--- Task description ---
In the entries below, find the line with "Fresh Mozzarella Ball" and the line with "Price point isn't"; copy them and every line between them exactly, but not the pictures.

--- Data to use ---
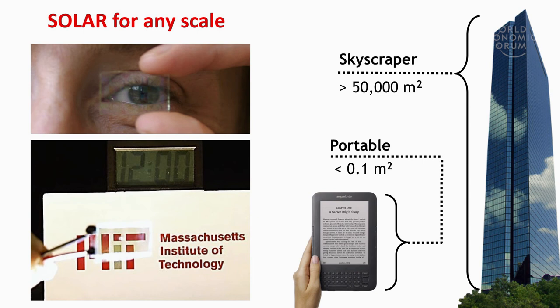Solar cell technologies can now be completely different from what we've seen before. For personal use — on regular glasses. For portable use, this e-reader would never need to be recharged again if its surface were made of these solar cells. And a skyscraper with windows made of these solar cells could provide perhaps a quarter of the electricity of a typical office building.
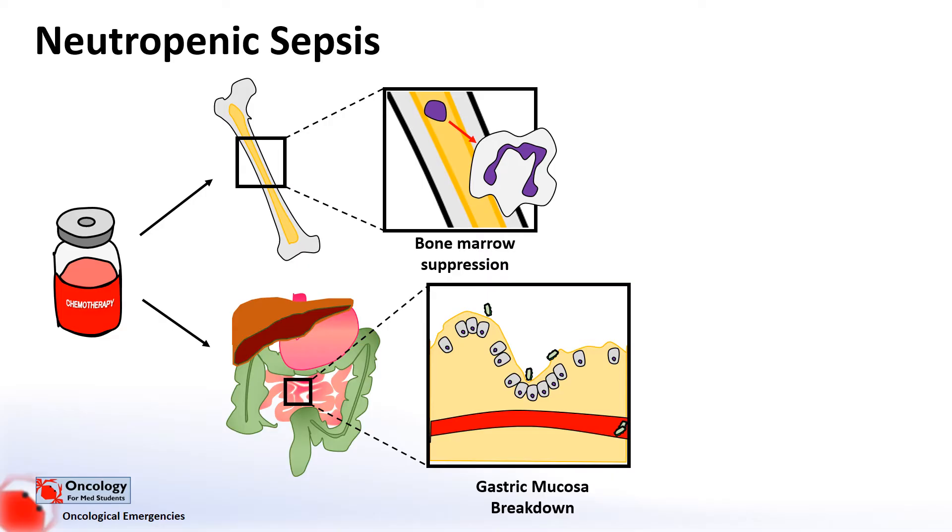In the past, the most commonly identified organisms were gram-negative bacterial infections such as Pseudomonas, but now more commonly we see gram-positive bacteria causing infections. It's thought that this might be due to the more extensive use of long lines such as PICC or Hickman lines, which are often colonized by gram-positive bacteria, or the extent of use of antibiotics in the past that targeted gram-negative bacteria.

==

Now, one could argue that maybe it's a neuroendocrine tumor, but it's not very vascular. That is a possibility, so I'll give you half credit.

* * *

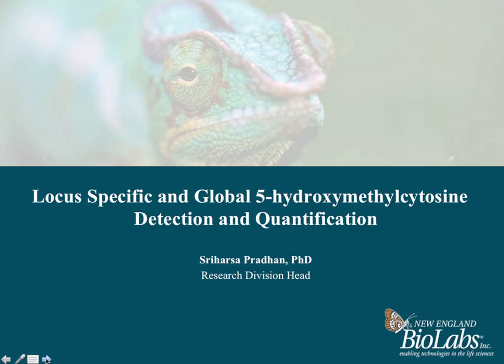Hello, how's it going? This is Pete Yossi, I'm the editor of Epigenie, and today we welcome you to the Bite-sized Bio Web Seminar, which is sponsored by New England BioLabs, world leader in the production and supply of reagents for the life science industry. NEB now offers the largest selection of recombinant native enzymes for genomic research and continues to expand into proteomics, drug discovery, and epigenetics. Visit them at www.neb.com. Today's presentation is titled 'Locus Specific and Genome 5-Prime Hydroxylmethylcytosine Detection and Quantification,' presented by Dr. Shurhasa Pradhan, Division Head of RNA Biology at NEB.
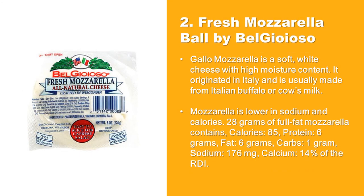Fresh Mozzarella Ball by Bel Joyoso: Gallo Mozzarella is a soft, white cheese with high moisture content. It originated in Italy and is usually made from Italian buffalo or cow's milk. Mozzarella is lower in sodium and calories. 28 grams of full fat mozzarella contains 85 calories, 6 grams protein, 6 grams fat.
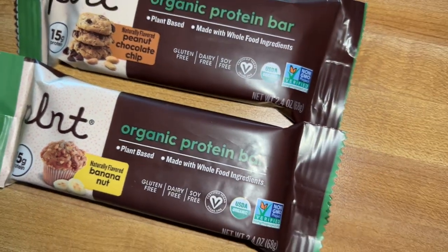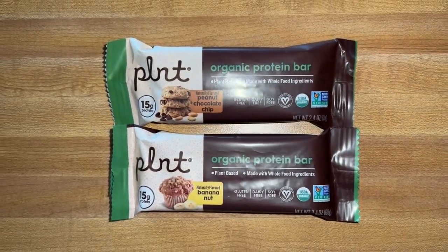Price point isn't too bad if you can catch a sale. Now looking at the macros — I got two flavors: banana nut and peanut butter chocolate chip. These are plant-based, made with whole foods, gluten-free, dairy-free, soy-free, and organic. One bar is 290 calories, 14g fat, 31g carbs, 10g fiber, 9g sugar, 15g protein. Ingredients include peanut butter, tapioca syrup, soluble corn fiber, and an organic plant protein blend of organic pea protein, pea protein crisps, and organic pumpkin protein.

--- Problem solution ---
Fresh Mozzarella Ball by Bel Joyoso: Gallo Mozzarella is a soft, white cheese with high moisture content. It originated in Italy and is usually made from Italian buffalo or cow's milk. Mozzarella is lower in sodium and calories. 28 grams of full fat mozzarella contains 85 calories, 6 grams protein, 6 grams fat.
Price point isn't too bad if you can catch a sale. Now looking at the macros — I got two flavors: banana nut and peanut butter chocolate chip. These are plant-based, made with whole foods, gluten-free, dairy-free, soy-free, and organic. One bar is 290 calories, 14g fat, 31g carbs, 10g fiber, 9g sugar, 15g protein. Ingredients include peanut butter, tapioca syrup, soluble corn fiber, and an organic plant protein blend of organic pea protein, pea protein crisps, and organic pumpkin protein.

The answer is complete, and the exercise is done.